Bitmob has conjured up the first installment to a multi-part interview with long-time BioWare writer David Gaider. This initial entry focuses on how he landed his job at BioWare, his daily responsibilities, and what sort of creative freedom he has:
LG: What is the writing process like? Separate writers work on different characters and scenarios. Do you guys kind of all come together at some point and share your work?
DG: We tend to work in the same room. Right now we have what's called "the writers pit" where everyone on the same project works nearby, so writers can bounce ideas off of each other.
A project requires a lot of writing, so we do split everything up. You have an area of responsibility.
It depends on the phase, right? The initial phrase is all about coming up with the concepts and what is our overall story.
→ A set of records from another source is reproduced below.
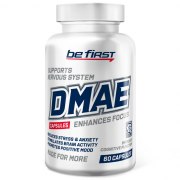 Заказать Be First DMAE + B6 60 капс N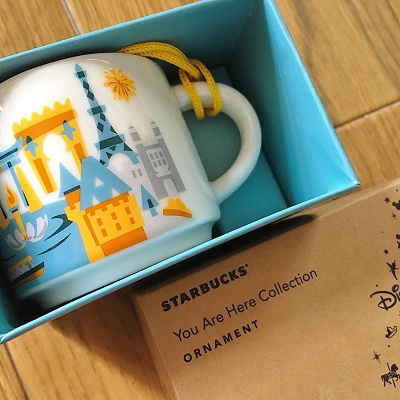 エプコットの新デザイン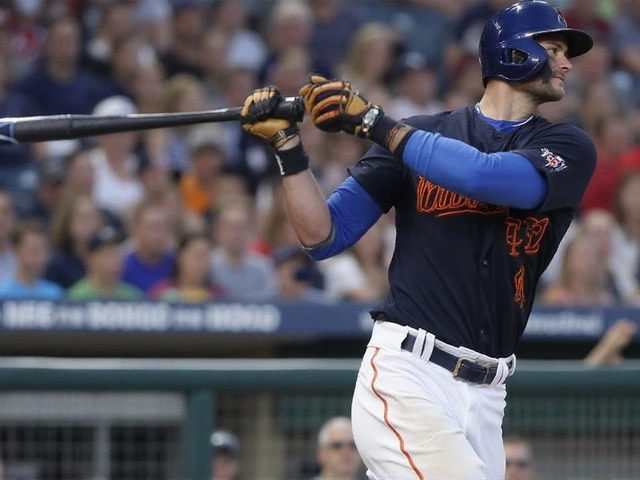 Cleveland Guardians Activate David Fry, Adding DH Power After Tommy John Surgery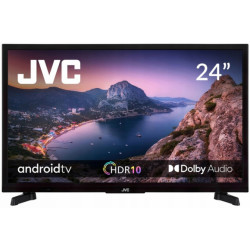 Televizors JVC LT24VAH3300 LED 24" Smart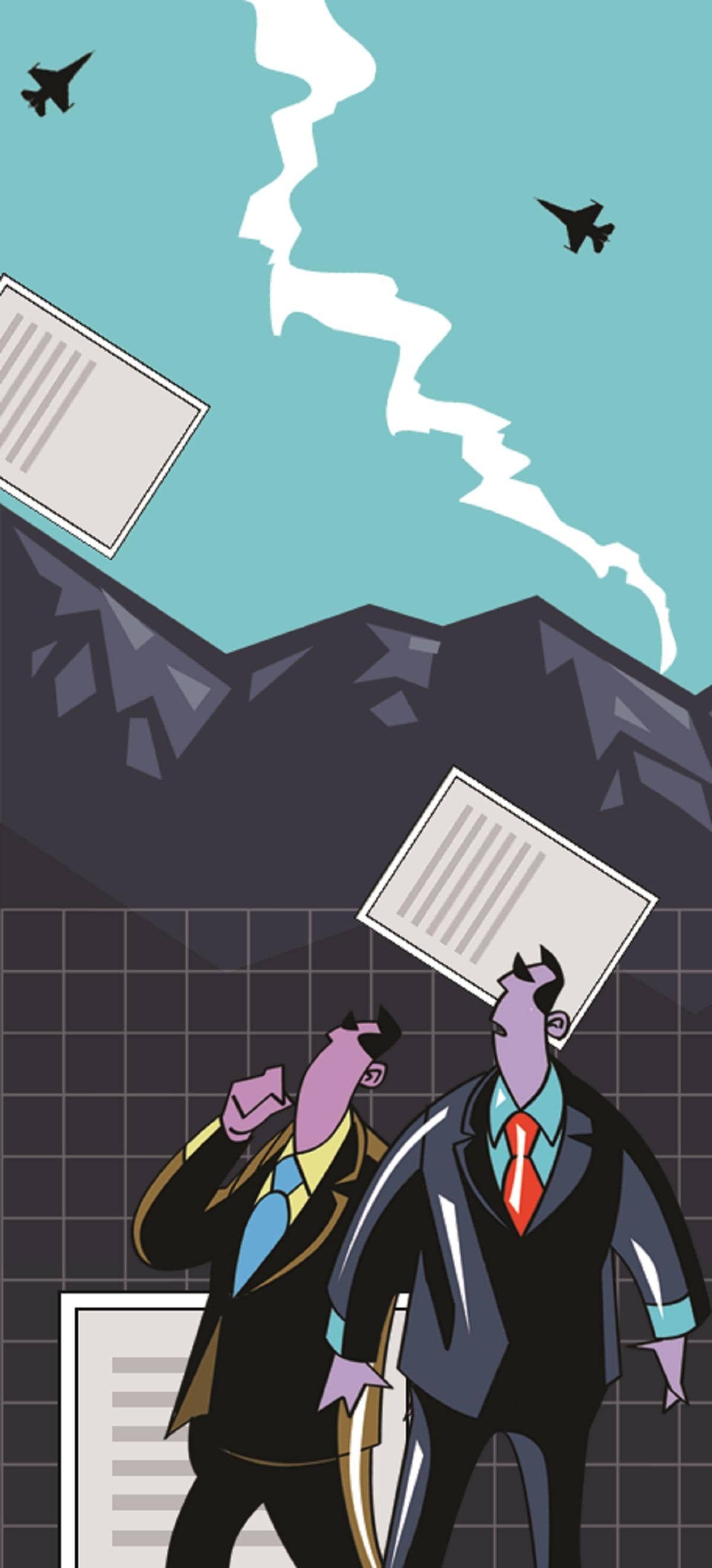 Mutual Funds Ki Duniya: Bada Return, Chhote Paise!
We have to break it down into whatever the quests involve and make sure that the quest design is solid. The writer is not alone in that. Several other disciplines in design are involved and help design the quests. The writer just takes an overall responsibility for it, but we don't write them ourselves.
I think some people picture it as top down, like the writer says "this is what I'm writing," and everybody else in the company runs around to implement our vision. That's not quite the way it is. The overall vision is the responsibility of the lead designer. The other disciplines, like the combat designers or level designers, add their two cents...like "we'd like to try this" or "can we do a quest that focuses on this gameplay element."
Once you've got that broken down, it's a matter of the writer putting together the dialogue for it. We try that out and see if it's fun and revise and then try it out again and then revise. You end up throwing out a lot of stuff you worked on.
Sometimes it just isn't working, and it ends up getting cut. That's always heartbreaking.